By chronicling every trade, including why it is on, what the expectations are for every factor I see influencing it (and me) over time, what my plan of action is, reasons it's unlikely to work out in the end, and updating it all as the trade progresses, I am effectively creating game film that can be reviewed and critiqued, objectively and without emotion. Particularly when I'm experiencing a period of poor performance, I can remain unbiased, to continue seeing things clearly so that I don't compound a bad turn of events with bad decisions. Whereas many are likely to ease up on the critical analysis when they're doing well, it is equally important to recognize when good luck is raining down on you, to remain alert, disciplined, and yes, unbiased in that very vulnerable moment.

One of the other benefits of video analysis in the sporting world is identifying tendencies that are likely to result in injury over time.
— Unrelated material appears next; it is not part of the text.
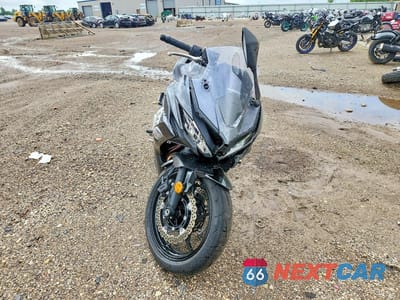 Drugie zdjęcie samochodu z przodu: 2026 KAWASAKI EX650 R VIN:ML5EXER18TDAH3312 - miniatura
Without a thorough analysis of those potentially damaging tendencies, athletes, particularly those with a strong work ethic, who tirelessly practice their swing, over and over again, are at great risk. The same could be said for professional investors. What tendencies do you have that, in times of stress, you spend more time on that may actually put you at greater risk?
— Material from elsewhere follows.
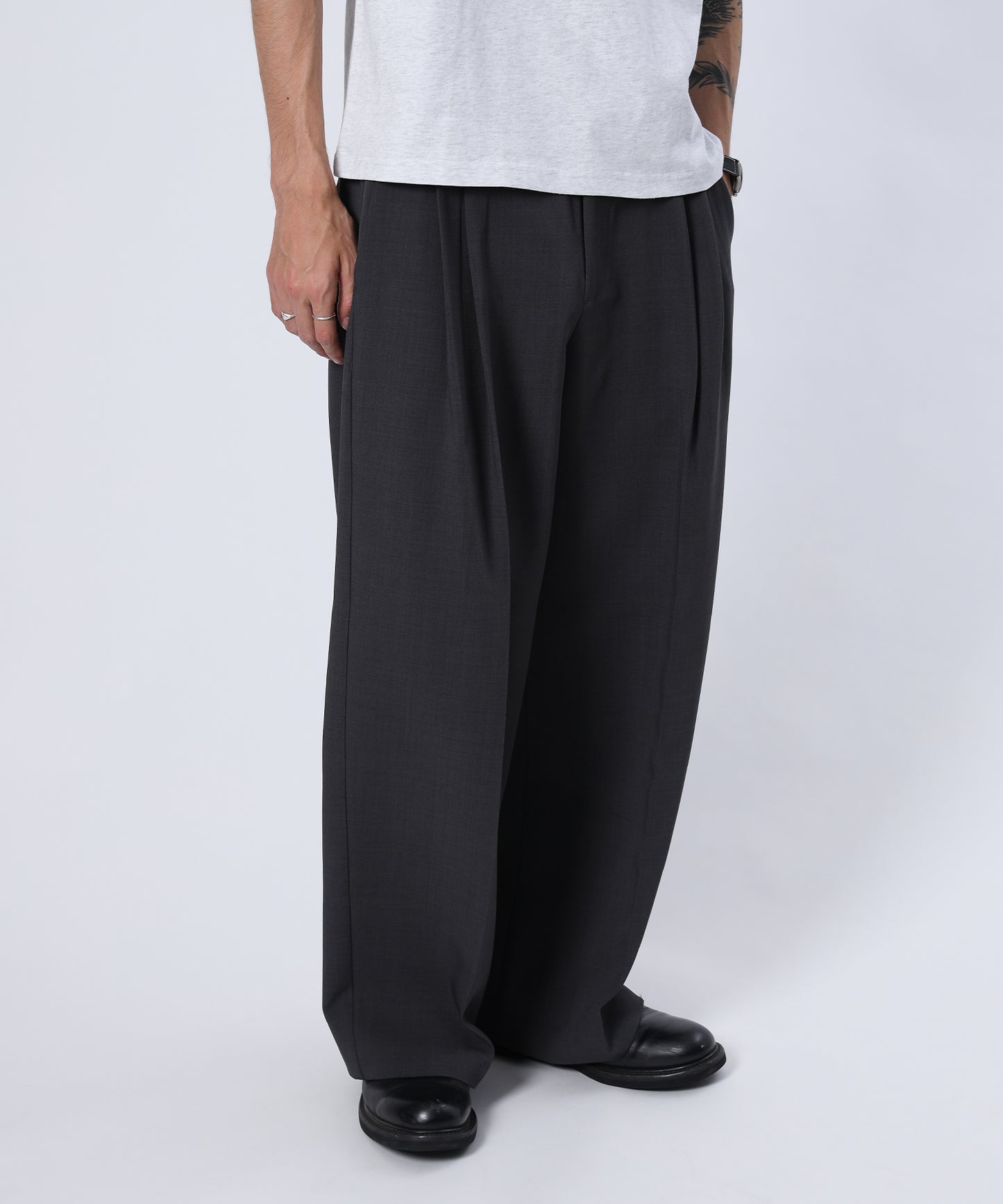 モデル：H178 Size:M　グレー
Asking the Right Questions

Richard Cantrell is a 48‐year‐old institutional investment manager. His teenage daughter, Jessica, is going to a concert with her friends tonight. They are a large group so will be traveling in two cars, one driven by 19‐year‐old Todd and the other by his 16‐year‐old brother, Bobby. Naturally, Richard is concerned about his daughter's safety, so he wants to be sure she will be in the car with the better driver. Luckily, the other kids are being dropped off at Richard's house and the whole group will leave from there, giving him an opportunity to have a conversation with the brothers before she leaves.
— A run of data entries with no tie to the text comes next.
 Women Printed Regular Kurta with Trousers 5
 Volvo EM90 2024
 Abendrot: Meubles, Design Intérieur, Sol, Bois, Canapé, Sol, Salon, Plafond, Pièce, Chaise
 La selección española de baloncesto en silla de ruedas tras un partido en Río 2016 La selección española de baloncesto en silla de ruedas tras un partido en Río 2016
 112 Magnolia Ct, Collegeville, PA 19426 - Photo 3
Todd is home from college for the weekend. He's a freshman studying finance at Richard's alma mater and even joined his old fraternity. He's driving a five‐year‐old Volvo that looks like it just came off the showroom floor. His younger brother, Bobby, isn't sure which college he wants to attend. At the moment he's more concerned about his new Ford Mustang, which is going to the body shop tomorrow for repairs. Apparently, “some old lady” wasn't paying attention when she backed out of her parking spot and clipped the back corner of his car. Neither of the boys has received a traffic violation, or at least neither was willing to admit it to Richard. They are both clean cut, well spoken and would never think of drinking and driving. If it came to it, which “it most certainly will not,” they would call their father to pick them all up rather than drive while intoxicated.

Based on the information gleaned during his investigation, with whom would you have wanted your daughter to ride?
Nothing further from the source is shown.